The Ohio Environmental Protection Agency will hold an informational meeting, Tuesday, March 12, 6 pm, at the Fayette School, to discuss the site of a proposed drinking water well to be constructed by Artesian of Pioneer.
Some months ago, Ed Kidston, of Artesian of Pioneer, began discussing a proposal to pump water from the aquifer to communities outside the area.
The aquifer, as designated by the city of Bryan in 2007, covers portions of eight counties in three states.
The Michindoh aquifer includes almost all of Williams County and the northwest of Fulton County.
Archbold is not within the aquifer boundary.
Kenneth “Skip” Leupp, a German Township Trustee, said he does not believe the township is within the boundary.
In an interview late last year, Kidston said the boundary is not as defined as Bryan officials describe.
“You go 10 miles west of Archbold, it’s (underground water-bearing) sand and gravel to Chicago,” he said.
Kidston said the plan to pump drinking water to points east got its start about three to four years ago with Henry County and the communities of Liberty Center, Florida, Malinta, and the Henry County Water & Sewer District.
Henry County, he said, has very little ground water.

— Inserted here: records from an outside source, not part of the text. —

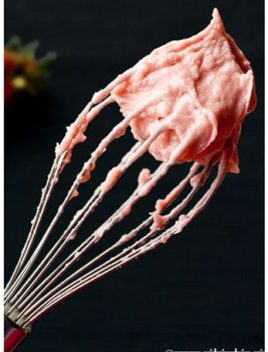Easy Strawberry Frosting With Fresh Strawberries on Whisk With Black Background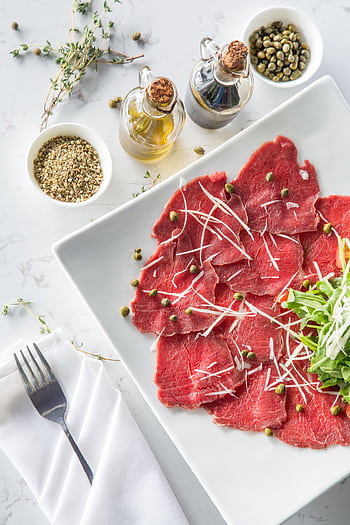 Delicious beef carpaccio with capers, olive oil, and fresh toppings on a white plate. HD phone wallpaper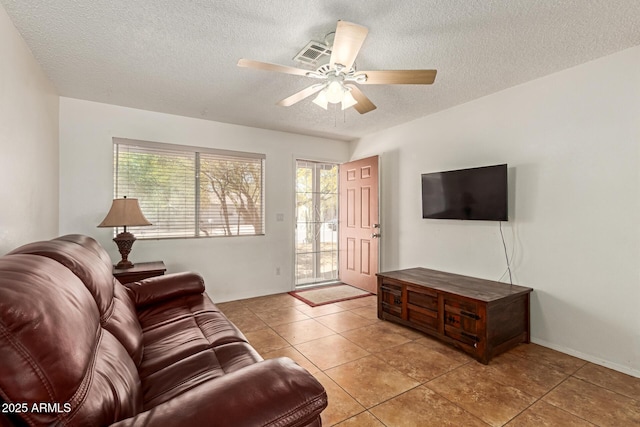 living room featuring light tile patterned floors, a textured ceiling, visible vents, and ceiling fan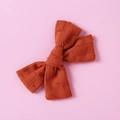 Burnt orange cotton jacquard hair bow clip with textured polka dot pattern - Orange Red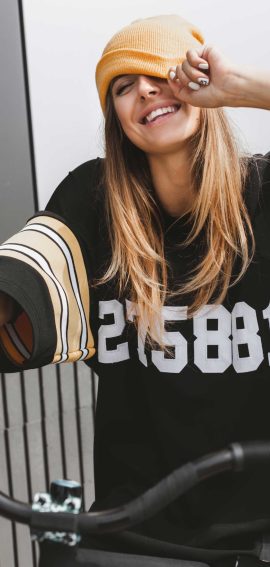 girl-in-hockey-jersey-style-with-street-bicycle-PEKUWLK-scaled.jpg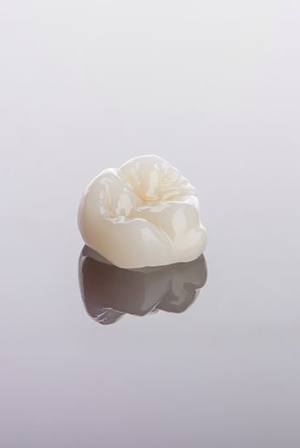 Ceramic dental crown sitting on reflective surface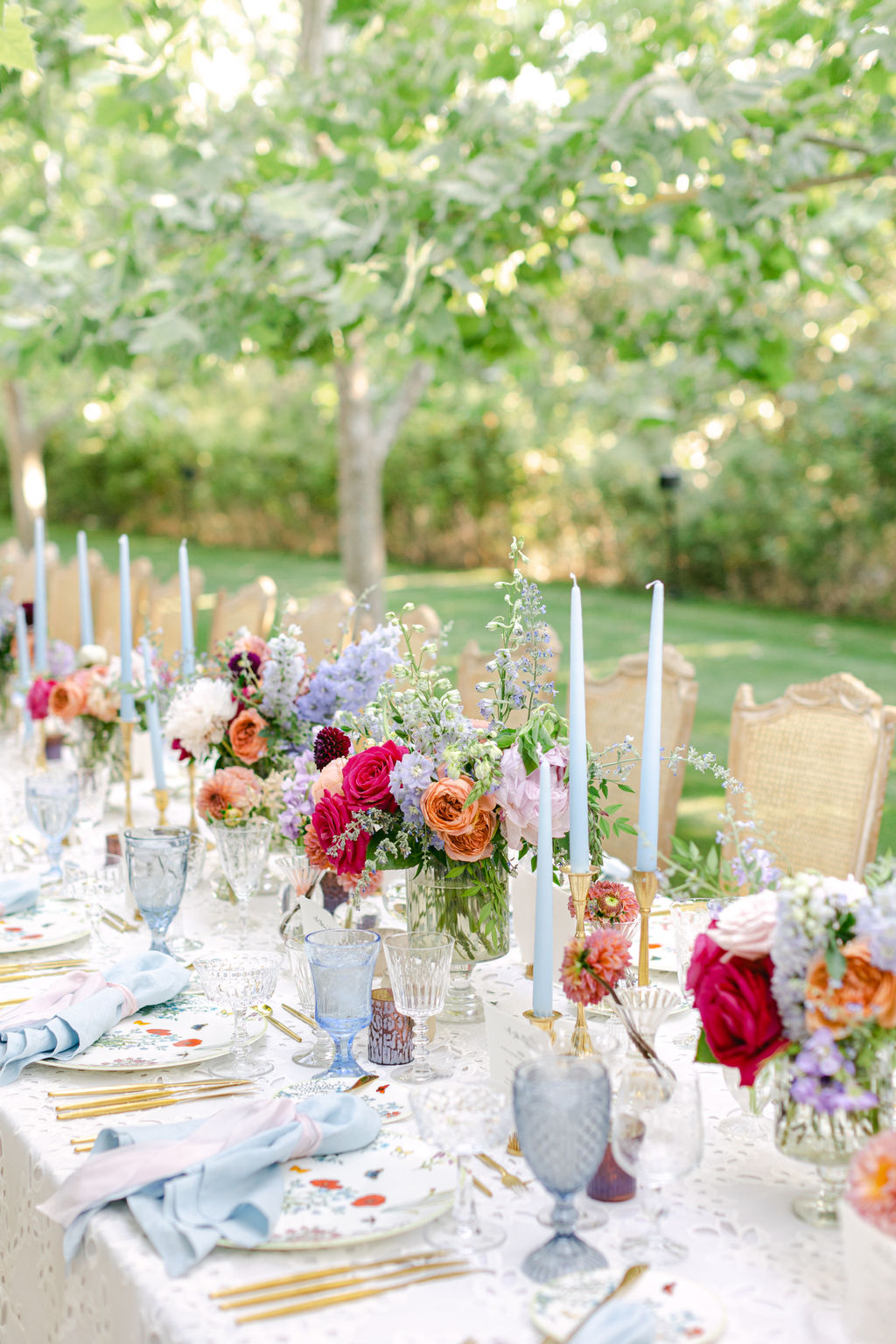 Dusty blue tapers and summer blooms down the center of the table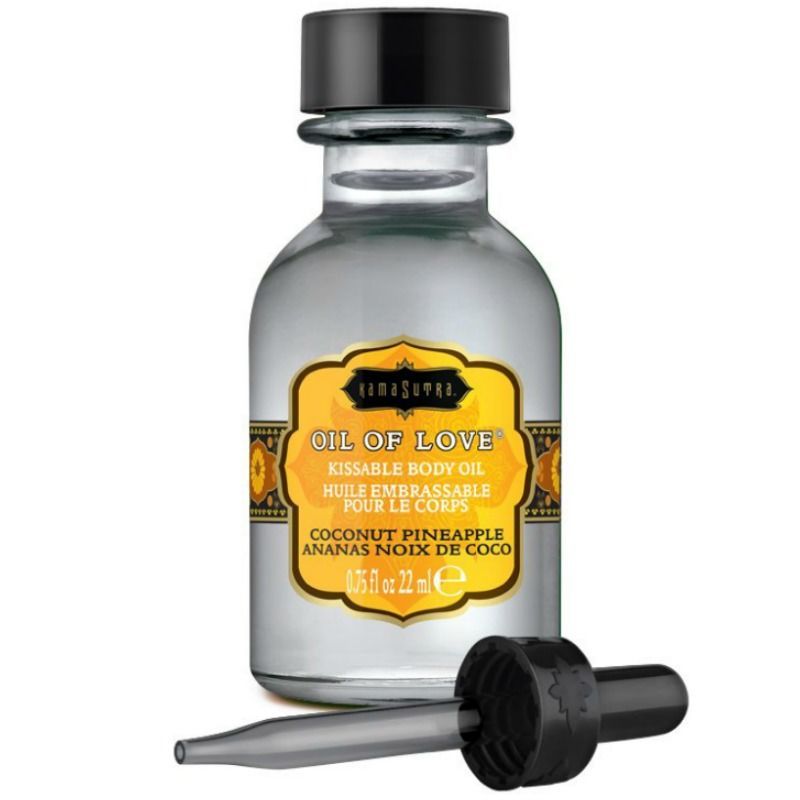 Eine Flasche mit Pipette. Aufschrift: Oil of Love, Kokosnuss Ananas. 0.75 fl oz 22 ml.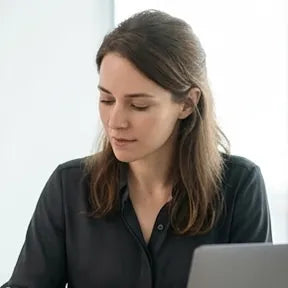 A woman focused on her work at her desk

Archbold, Wauseon, and Napoleon all rely on surface water.
“There’s very little ground water east of Archbold,” he said.
Kidston said there was water available to supply Henry County, but the problem was the cost of a 30-mile pipeline.
In order to make the ecocorner nomics work, more partners had to be found.
Next, he said, officials from the village of Whitehouse, which uses around 500,000 gallons of water a day, expressed an interest.
That, he said, improved the financial picture.
But one more partner was needed. That’s when city of Maumee representatives expressed an interest.
Once Maumee got involved, Sylvania and Perrysburg officials joined in.
With enough participation, Kidston said the finances work.
He said Toledo could not compete in terms of rates, and the water would be higher in quality without the concerns of algae blooms, like the one that shut down the Toledo drinking water supply for a weekend in August 2014.
Wells that produce water for a public system, such as a city or village, fall partially under the jurisdiction of the OEPA, and partially under the Ohio Department of Natural Resources.
Before a public water system production well is approved, Kidston said one thing that must be proved is pumping water from the well won’t interfere with other existing wells.
To prove that, there must be a test.
In short, the test involves drilling a production well, along with smaller monitoring wells.
The production well pump is run for 72 hours.
During and after that time, experts, including hydrogeologists, watch how much water is produced; whether or not the water level in the monitoring wells drop and if so, how much; and how quickly they recover.
After the test period, Kidston said it would take a month to six weeks to analyze the results and find one of three answers– there is plenty of water available, there is water available but more tests are needed, or not enough water is available.
Years ago, the test results were estimates.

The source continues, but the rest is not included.